Tonio Teklić

Personal information
- Date of birth: 9 September 1999 (age 27)
- Place of birth: Split, Croatia
- Height: 1.82 m (6 ft 0 in)
- Position: Attacking midfielder

Team information
- Current team: Mardin 1969 (on loan from Widzew Łódź)

Youth career
- 2008–2010: Solin
- 2010–2015: Adriatic Split
- 2015–2017: Hajduk Split

Senior career*
- Years: Team / Apps / (Gls)
- 2016–2020: Hajduk Split B / 50 / (8)
- 2017–2022: Hajduk Split / 32 / (2)
- 2020: → Varaždin (loan) / 12 / (0)
- 2021: → Hrvatski Dragovoljac (loan) / 4 / (0)
- 2021–2022: → Varaždin (loan) / 26 / (4)
- 2022–2023: Varaždin / 33 / (8)
- 2023–2025: Trabzonspor / 5 / (0)
- 2024: → Fatih Karagümrük (loan) / 8 / (0)
- 2024–2025: → Erzurumspor (loan) / 33 / (4)
- 2025–: Widzew Łódź / 8 / (0)
- 2025: Widzew Łódź II / 1 / (1)
- 2026: → Osijek (loan) / 13 / (0)
- 2026–: → Mardin 1969 (loan) / 0 / (0)

International career
- 2017: Croatia U18 / 2 / (0)
- 2016–2017: Croatia U19 / 5 / (1)
- 2018: Croatia U20 / 1 / (0)
- 2022–2023: Croatia U23 / 2 / (1)

= Tonio Teklić =

Croatian footballer (born 1999)

Tonio Teklić (/hr/; born 9 September 1999) is a Croatian professional footballer who plays as an attacking midfielder for TFF 1. Lig club Mardin 1969, on loan from Widzew Łódź.

==Club career==
Teklić was born in Split to a family originally from Livno and living in the suburb Solin. He began his youth career at the local NK Solin and quickly moved to the new-founded Adriatic Split where he spent 5 years at the youth levels winning various tournaments and individual awards. In the summer of 2015, Teklić, alongside many of his Adriatic teammates signed youth contracts with Hajduk Split. He established himself throughout the Hajduk B squad and got called up for senior squad league match of Hajduk against Lokomotiva Zagreb, where he entered as a substitute in the 46th minute, replacing Savvas Gentsoglou.

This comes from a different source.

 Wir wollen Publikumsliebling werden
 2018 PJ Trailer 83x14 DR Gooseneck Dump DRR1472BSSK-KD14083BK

Teklić became a permanent part of the first-team squad at the beginning of 2019.

On 21 July 2023, he signed a three-year contract with Süper Lig club Trabzonspor.

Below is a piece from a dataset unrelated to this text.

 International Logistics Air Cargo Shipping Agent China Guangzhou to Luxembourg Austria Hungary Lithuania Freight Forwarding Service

On 22 July 2025, Teklić joined Polish club Widzew Łódź on a free transfer, signing a four-year contract. On 3 January 2026, he returned to Croatia and joined Osijek on loan for the remainder of the season.

On 5 August 2026, he moved on loan to Turkish second division club Mardin 1969.